# 0. Imports Etc

In [None]:
!pip install transformers datasets evaluate seqeval optuna pandas
from IPython.display import clear_output
clear_output()

import numpy as np
import torch
import torch.nn as nn
from torch.nn import CrossEntropyLoss
from transformers import BertModel, BertTokenizerFast, TrainingArguments, Trainer, DataCollatorForTokenClassification, TrainerCallback, TrainerControl, TrainerState
import evaluate
from datasets import load_dataset
from tqdm import tqdm
import time
import os
import pandas as pd
from typing import Any, Dict, List, Optional, Tuple, Union

import optuna

device = torch.device('cuda' if torch.cuda.is_available() else 'cpu')
pretrained_model_name = 'bert-base-uncased'
os.environ["WANDB_DISABLED"] = 'true'


# 1. Extend Pretrained BERT with a Classifier


In [None]:

class BertClassifier(nn.Module):
    def __init__(self, bert_model: BertModel, num_labels: int, dropout_rate: Optional[float] = None) -> None:
        super(BertClassifier, self).__init__()
        self.bert = bert_model
        self.num_labels = num_labels
        self.classifier = nn.Linear(bert_model.config.hidden_size, num_labels)
        if dropout_rate is not None:
            self.dropout = nn.Dropout(dropout_rate)
        else:
            self.dropout = nn.Dropout(bert_model.config.hidden_dropout_prob)

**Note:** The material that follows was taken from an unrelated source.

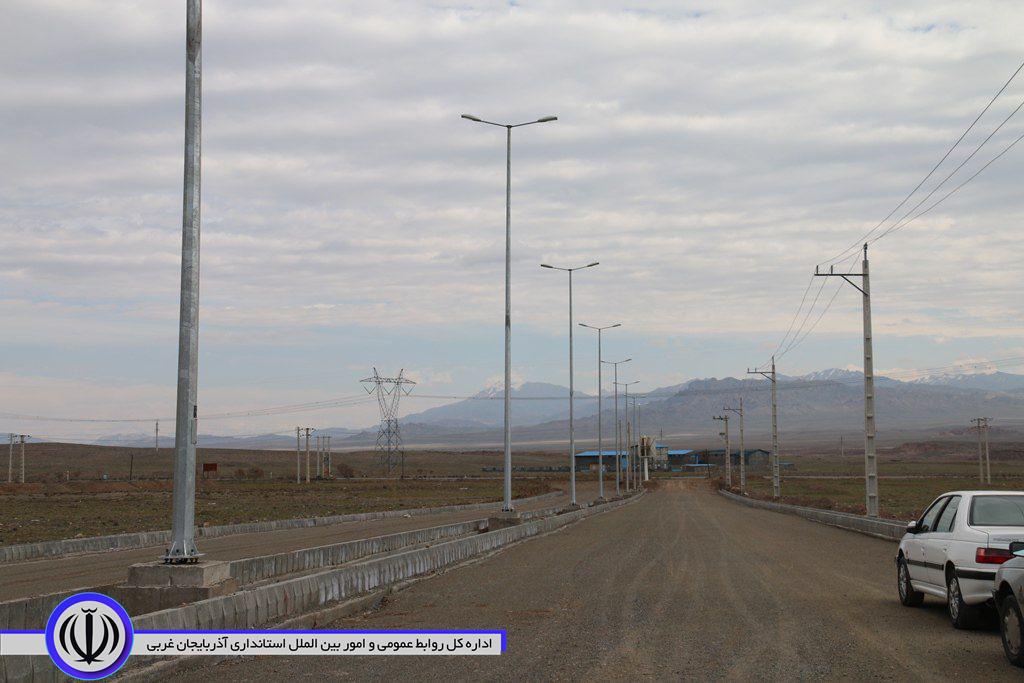 بهره برداری از شبکه روشنایی شهرک صنعتی کانی خوی با حضور معاون وزیر صنعت، معدن و تجارت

    def forward(self, input_ids: torch.Tensor,
                attention_mask: torch.Tensor,
                token_type_ids: torch.Tensor,
                labels: Optional[torch.Tensor] = None) -> Union[Tuple[torch.Tensor, Any], torch.Tensor]:
        outputs = self.bert(input_ids=input_ids,
                            attention_mask=attention_mask,
                            token_type_ids=token_type_ids)
        sequence_output = outputs.last_hidden_state
        sequence_output = self.dropout(sequence_output)
        logits = self.classifier(sequence_output)
        loss = None
        if labels is not None:
            loss_fct = CrossEntropyLoss()
            loss = loss_fct(logits.view(-1, self.num_labels), labels.view(-1))
        output = (logits,) + outputs[2:]
        return (loss,) + output if loss is not None else output




# 2. Prepare Finetuning Dataset and Define Freeze Function


In [None]:
wnut = load_dataset("wnut_17")
label_list = wnut["train"].features["ner_tags"].feature.names
print('Available NER tags:', label_list)
num_labels = len(label_list)
print('Number of NER tags in the dataset:', num_labels)

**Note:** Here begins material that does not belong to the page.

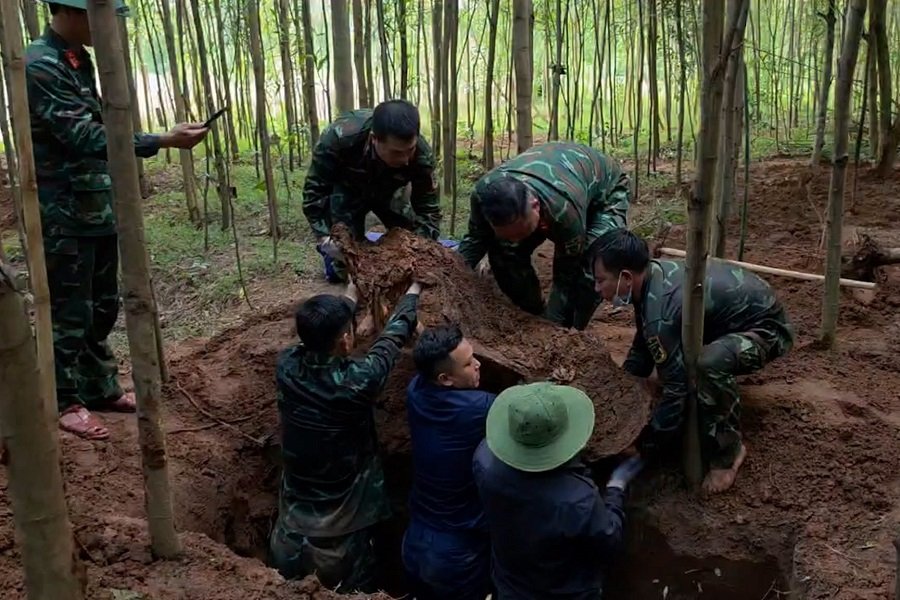 Đội tìm kiếm, quy tập hài cốt liệt sĩ số 1 tìm thấy và cất bốc thêm 4 hài cốt liệt sĩ tại bản Bãi Dinh, xã Dân Hóa Đội tìm kiếm, quy tập hài cốt liệt sĩ số 1 tìm thấy và cất bốc thêm 4 hài cốt liệt sĩ tại bản Bãi Dinh, xã Dân Hóa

tokenizer = BertTokenizerFast.from_pretrained(pretrained_model_name)
tokenized_input = tokenizer(wnut['train'][0]["tokens"], is_split_into_words=True)
tokens = tokenizer.convert_ids_to_tokens(tokenized_input["input_ids"])
print('Tokenized input:', tokenized_input)
print('\nInput:', wnut['train'][0]["tokens"])
print('Tokenized input ids:', tokenized_input['input_ids'])
print('Tokenized input tokens:', tokens)
print('\nLength of Input:', len(wnut['train'][0]["tokens"]))
print('Length of Tokenized input:', len(tokenized_input['input_ids']))
print('Length of Target labels:', len(wnut['train'][0]["ner_tags"]))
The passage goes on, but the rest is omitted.